:: Brief descriptive captions ::
┄┄┄┄┄┄┄┄┄┄
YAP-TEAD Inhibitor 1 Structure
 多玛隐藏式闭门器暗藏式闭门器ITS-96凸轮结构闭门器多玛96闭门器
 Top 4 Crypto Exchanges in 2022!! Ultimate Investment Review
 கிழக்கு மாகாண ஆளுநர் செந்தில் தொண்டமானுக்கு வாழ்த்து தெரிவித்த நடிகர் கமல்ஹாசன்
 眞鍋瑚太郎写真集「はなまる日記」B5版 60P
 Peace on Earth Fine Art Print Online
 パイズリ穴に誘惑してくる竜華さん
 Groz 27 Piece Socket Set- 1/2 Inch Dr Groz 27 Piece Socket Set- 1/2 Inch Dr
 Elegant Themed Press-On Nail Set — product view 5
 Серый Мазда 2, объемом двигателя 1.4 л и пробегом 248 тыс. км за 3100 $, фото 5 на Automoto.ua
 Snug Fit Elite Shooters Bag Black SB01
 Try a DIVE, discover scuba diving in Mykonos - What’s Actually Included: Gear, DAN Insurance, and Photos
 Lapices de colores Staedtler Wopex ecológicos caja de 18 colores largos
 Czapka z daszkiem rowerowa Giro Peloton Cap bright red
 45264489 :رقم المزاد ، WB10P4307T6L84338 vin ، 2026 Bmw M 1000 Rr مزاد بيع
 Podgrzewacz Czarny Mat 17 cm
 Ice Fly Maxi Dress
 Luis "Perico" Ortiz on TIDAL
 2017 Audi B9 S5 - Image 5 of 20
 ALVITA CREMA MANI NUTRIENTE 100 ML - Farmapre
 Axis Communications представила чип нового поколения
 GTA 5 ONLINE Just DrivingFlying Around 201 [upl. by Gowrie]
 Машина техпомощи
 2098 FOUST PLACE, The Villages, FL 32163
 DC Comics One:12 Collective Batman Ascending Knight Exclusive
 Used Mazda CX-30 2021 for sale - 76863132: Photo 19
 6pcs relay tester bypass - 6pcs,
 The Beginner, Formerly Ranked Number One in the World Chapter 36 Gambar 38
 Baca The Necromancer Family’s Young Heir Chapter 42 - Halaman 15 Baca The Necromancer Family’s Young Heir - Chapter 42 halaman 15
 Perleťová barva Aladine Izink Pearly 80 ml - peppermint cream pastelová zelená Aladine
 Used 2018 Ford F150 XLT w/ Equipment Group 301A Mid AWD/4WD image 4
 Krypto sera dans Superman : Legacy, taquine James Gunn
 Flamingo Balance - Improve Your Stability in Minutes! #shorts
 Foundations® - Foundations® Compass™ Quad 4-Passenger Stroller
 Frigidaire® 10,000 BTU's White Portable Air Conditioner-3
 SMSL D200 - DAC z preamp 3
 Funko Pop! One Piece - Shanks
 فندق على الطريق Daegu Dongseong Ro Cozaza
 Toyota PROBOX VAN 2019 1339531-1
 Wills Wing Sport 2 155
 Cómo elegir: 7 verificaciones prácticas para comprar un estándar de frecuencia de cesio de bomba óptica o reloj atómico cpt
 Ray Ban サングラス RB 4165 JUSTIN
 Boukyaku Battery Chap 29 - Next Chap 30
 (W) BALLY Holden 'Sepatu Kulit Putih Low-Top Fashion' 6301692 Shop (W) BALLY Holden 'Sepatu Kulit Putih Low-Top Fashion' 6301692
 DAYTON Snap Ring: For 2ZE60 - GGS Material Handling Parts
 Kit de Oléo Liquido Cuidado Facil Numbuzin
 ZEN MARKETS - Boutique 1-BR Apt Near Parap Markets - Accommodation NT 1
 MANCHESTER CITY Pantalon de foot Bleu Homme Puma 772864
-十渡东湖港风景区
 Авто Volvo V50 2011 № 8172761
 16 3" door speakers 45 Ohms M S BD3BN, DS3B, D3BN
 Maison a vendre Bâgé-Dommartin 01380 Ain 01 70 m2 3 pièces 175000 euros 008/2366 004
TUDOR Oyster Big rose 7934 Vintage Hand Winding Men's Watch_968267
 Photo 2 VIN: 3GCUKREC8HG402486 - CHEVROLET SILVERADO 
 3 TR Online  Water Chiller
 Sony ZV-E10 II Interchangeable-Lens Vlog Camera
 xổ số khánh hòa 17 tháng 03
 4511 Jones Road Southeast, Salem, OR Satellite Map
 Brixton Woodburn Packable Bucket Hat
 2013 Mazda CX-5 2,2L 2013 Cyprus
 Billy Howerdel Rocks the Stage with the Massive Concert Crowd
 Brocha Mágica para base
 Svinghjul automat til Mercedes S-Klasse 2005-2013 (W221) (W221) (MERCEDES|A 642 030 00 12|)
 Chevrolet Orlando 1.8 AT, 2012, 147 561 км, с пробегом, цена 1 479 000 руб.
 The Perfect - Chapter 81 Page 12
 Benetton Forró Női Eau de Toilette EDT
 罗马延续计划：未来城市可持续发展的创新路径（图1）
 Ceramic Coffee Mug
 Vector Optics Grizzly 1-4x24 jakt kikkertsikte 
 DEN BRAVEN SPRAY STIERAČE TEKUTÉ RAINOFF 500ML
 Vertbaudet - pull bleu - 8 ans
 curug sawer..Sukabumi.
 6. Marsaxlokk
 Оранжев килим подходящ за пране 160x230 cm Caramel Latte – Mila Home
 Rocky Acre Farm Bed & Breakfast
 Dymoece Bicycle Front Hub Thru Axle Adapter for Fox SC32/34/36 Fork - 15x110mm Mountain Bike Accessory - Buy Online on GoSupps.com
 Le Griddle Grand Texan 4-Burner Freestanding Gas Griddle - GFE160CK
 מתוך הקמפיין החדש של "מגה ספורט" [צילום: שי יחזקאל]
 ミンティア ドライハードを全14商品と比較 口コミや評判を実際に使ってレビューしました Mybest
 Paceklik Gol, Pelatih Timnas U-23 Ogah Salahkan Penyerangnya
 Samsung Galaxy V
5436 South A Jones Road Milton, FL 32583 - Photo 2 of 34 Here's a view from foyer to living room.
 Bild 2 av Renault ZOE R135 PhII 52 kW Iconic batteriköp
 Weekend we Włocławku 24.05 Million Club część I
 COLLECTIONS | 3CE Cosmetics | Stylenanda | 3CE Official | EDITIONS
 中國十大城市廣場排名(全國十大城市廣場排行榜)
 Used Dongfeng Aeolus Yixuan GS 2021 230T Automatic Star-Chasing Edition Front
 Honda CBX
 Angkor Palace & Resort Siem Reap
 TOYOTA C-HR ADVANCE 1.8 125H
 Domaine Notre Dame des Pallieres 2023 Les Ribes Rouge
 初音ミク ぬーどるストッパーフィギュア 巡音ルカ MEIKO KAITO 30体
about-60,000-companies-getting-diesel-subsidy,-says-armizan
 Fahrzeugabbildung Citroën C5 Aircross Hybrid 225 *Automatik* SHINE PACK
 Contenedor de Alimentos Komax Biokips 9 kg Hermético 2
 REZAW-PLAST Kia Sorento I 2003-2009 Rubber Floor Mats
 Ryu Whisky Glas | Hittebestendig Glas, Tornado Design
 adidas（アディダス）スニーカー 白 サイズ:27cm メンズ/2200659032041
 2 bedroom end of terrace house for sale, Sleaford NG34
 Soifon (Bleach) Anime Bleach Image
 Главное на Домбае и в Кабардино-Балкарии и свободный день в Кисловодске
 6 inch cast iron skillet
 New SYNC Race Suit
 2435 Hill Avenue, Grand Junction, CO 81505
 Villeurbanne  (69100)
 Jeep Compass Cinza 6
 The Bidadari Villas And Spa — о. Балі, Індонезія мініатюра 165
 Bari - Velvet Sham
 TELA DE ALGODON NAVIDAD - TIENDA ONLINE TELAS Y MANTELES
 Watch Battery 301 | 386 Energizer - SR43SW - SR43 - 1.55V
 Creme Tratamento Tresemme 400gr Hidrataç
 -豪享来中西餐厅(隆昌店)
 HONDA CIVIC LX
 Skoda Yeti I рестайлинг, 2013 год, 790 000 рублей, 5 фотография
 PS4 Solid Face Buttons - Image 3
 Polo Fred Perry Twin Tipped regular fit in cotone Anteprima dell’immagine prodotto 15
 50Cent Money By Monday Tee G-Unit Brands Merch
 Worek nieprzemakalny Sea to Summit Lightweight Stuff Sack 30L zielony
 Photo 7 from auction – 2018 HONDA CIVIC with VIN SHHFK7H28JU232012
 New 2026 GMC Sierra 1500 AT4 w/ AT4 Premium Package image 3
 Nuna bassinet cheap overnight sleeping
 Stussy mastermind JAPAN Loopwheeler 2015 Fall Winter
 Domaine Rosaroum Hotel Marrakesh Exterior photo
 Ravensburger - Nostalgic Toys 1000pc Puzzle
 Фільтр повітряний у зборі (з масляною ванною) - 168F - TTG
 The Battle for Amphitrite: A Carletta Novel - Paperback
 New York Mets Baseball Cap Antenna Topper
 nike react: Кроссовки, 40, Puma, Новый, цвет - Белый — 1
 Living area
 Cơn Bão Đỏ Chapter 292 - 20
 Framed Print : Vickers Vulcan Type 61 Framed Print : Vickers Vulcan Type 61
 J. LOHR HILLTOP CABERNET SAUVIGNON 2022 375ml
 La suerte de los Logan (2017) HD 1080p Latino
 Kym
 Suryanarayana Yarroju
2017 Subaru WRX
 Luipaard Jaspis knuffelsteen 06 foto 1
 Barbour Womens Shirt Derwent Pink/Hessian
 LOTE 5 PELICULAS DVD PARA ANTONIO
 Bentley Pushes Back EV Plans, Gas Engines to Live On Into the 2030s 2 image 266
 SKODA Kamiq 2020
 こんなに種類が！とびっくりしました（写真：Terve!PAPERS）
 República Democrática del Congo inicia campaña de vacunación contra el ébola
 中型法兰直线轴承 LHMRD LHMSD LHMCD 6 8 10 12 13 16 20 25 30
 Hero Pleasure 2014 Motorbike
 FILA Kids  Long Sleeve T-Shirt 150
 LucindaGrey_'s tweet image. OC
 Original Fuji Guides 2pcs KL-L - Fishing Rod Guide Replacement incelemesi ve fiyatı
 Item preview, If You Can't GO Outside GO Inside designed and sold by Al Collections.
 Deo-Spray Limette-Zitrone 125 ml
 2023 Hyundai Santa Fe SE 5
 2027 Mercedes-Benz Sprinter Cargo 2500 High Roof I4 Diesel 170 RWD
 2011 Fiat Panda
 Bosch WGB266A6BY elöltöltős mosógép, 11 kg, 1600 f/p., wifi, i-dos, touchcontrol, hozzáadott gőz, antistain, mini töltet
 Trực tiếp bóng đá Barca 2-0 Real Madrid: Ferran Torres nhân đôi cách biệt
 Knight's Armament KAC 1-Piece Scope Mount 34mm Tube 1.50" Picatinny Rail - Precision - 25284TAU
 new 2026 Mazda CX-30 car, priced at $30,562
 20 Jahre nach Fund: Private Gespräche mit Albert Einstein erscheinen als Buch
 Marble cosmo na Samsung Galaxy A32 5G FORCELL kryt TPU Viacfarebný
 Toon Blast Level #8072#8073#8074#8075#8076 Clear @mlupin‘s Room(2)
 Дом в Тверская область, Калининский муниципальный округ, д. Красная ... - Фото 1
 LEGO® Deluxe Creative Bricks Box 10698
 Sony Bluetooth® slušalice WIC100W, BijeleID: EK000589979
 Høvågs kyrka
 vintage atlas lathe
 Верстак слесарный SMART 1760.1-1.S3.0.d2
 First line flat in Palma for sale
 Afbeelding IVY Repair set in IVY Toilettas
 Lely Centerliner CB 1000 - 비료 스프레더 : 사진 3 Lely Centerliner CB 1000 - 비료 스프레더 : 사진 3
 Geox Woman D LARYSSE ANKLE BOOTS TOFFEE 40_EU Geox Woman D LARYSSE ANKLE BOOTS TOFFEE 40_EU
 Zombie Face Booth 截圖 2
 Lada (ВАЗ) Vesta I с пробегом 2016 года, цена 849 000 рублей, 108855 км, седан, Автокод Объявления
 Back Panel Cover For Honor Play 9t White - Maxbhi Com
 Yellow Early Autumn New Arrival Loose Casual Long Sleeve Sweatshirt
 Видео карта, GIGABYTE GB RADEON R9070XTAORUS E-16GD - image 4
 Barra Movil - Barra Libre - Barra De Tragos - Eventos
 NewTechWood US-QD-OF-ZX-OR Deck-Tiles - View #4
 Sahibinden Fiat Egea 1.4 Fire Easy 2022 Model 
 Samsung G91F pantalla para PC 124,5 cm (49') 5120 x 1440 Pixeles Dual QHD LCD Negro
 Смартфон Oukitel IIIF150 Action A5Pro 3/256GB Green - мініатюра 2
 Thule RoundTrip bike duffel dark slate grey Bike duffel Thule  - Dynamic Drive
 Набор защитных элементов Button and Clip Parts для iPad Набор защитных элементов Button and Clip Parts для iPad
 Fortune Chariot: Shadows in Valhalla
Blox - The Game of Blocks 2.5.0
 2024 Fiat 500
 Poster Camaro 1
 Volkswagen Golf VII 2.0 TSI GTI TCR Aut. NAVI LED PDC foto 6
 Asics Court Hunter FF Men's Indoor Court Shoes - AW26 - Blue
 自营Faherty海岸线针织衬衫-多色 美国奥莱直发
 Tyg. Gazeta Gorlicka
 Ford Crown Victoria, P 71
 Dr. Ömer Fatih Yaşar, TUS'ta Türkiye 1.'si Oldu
┄┄┄┄┄┄┄┄┄┄
:: YOUR ASSIGNMENT ::
Beginning with the line that holds "Volkswagen Golf VII", copy the entries exactly to their last line, and leave out every earlier line.

:: EXERCISE SOLUTION ::
 Volkswagen Golf VII 2.0 TSI GTI TCR Aut. NAVI LED PDC foto 6
 Asics Court Hunter FF Men's Indoor Court Shoes - AW26 - Blue
 自营Faherty海岸线针织衬衫-多色 美国奥莱直发
 Tyg. Gazeta Gorlicka
 Ford Crown Victoria, P 71
 Dr. Ömer Fatih Yaşar, TUS'ta Türkiye 1.'si Oldu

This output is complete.